**ABOUT THIS TASK:** The records follow. Filter them to the lines that hold "Download".

(SOURCE DATA Opens)

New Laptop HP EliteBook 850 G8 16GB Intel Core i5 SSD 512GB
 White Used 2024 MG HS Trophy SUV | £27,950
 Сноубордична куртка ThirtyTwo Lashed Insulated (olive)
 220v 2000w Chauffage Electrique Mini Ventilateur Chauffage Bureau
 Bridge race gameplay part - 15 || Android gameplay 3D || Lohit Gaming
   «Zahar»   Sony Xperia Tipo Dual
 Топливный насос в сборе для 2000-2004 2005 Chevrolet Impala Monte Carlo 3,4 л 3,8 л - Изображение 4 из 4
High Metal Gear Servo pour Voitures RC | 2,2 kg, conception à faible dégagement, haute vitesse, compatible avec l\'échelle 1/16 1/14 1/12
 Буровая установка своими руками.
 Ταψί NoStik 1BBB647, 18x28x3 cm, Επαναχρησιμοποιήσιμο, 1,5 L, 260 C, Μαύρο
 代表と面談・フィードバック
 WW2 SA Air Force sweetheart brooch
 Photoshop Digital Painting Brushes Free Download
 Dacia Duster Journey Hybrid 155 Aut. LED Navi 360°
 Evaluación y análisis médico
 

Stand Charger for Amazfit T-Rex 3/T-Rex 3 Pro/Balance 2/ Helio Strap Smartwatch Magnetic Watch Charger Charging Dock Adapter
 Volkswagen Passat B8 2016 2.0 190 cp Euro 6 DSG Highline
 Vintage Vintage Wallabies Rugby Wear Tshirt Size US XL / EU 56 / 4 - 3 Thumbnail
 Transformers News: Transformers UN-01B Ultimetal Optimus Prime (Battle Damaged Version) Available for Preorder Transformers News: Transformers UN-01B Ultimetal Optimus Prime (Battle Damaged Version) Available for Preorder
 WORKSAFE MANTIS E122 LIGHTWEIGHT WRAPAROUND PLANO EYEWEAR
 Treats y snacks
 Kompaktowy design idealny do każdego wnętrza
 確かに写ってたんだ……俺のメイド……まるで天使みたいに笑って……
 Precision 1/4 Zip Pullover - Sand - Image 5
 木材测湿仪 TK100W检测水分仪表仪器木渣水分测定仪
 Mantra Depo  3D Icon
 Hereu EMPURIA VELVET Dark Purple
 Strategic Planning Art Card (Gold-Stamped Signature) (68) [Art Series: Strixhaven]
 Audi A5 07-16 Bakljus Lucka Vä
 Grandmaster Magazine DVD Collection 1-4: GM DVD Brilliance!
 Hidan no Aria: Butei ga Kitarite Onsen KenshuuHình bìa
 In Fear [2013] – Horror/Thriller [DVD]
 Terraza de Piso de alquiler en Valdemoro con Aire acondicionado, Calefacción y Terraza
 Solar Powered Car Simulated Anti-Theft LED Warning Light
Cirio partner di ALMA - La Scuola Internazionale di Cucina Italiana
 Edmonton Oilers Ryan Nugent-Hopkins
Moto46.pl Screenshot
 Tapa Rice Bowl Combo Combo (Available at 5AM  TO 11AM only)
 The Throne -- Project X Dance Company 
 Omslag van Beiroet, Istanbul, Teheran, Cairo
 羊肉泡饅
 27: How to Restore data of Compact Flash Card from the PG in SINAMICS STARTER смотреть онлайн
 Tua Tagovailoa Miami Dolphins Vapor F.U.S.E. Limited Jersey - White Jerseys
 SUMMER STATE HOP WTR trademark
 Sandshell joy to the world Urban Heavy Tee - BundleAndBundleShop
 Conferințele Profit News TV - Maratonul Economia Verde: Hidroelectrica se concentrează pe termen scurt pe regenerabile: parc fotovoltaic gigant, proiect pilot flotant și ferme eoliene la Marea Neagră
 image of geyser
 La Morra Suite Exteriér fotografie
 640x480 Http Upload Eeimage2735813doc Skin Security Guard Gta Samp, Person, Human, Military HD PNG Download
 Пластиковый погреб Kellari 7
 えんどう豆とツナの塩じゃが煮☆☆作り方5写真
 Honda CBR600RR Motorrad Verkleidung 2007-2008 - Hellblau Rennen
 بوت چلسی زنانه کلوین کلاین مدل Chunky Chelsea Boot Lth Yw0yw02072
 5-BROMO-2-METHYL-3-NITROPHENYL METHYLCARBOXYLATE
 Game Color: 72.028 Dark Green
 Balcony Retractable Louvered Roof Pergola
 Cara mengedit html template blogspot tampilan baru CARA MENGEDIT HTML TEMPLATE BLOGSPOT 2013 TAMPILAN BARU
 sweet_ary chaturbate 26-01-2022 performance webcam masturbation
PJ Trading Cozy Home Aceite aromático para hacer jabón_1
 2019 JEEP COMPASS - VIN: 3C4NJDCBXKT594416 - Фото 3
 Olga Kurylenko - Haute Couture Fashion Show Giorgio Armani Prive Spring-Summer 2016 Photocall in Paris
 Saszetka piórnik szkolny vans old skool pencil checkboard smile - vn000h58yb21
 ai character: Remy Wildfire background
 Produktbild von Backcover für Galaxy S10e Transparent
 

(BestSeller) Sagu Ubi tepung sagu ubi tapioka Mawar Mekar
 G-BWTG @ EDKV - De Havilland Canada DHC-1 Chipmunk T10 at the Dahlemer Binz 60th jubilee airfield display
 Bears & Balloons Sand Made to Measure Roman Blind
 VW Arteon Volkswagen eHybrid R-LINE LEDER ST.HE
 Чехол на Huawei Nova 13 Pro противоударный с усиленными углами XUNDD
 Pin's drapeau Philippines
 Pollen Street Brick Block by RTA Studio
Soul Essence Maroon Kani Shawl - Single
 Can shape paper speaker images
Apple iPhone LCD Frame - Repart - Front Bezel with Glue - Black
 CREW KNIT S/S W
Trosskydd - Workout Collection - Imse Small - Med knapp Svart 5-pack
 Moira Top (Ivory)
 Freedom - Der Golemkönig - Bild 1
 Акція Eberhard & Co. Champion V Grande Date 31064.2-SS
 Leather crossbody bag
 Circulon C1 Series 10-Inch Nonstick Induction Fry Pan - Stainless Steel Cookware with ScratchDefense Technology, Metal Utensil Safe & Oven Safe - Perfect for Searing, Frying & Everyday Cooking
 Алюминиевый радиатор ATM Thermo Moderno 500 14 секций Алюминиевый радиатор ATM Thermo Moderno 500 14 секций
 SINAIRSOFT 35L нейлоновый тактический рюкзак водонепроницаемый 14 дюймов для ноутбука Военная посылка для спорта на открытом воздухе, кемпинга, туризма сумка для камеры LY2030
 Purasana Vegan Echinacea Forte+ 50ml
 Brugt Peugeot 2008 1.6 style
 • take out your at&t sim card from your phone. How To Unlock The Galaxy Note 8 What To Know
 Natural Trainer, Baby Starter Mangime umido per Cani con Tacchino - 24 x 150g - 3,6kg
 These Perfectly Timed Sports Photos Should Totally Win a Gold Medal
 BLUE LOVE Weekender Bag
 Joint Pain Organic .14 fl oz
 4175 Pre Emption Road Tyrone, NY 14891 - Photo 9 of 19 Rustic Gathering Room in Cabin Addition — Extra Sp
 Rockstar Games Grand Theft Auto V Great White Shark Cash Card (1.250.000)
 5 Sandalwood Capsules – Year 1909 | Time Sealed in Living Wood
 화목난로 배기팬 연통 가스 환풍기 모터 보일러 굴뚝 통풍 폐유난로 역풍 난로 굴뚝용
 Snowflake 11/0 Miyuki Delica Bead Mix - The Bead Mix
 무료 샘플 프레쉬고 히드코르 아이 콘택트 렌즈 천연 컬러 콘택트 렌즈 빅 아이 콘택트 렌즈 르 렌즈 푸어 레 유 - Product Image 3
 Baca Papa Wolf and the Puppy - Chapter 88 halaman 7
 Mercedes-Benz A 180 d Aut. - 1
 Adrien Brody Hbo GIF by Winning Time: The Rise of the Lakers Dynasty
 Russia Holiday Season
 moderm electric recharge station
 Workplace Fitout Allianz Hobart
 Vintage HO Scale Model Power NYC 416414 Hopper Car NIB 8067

(SOURCE DATA Closes)

**TASK ANSWER:**
 Photoshop Digital Painting Brushes Free Download
 640x480 Http Upload Eeimage2735813doc Skin Security Guard Gta Samp, Person, Human, Military HD PNG Download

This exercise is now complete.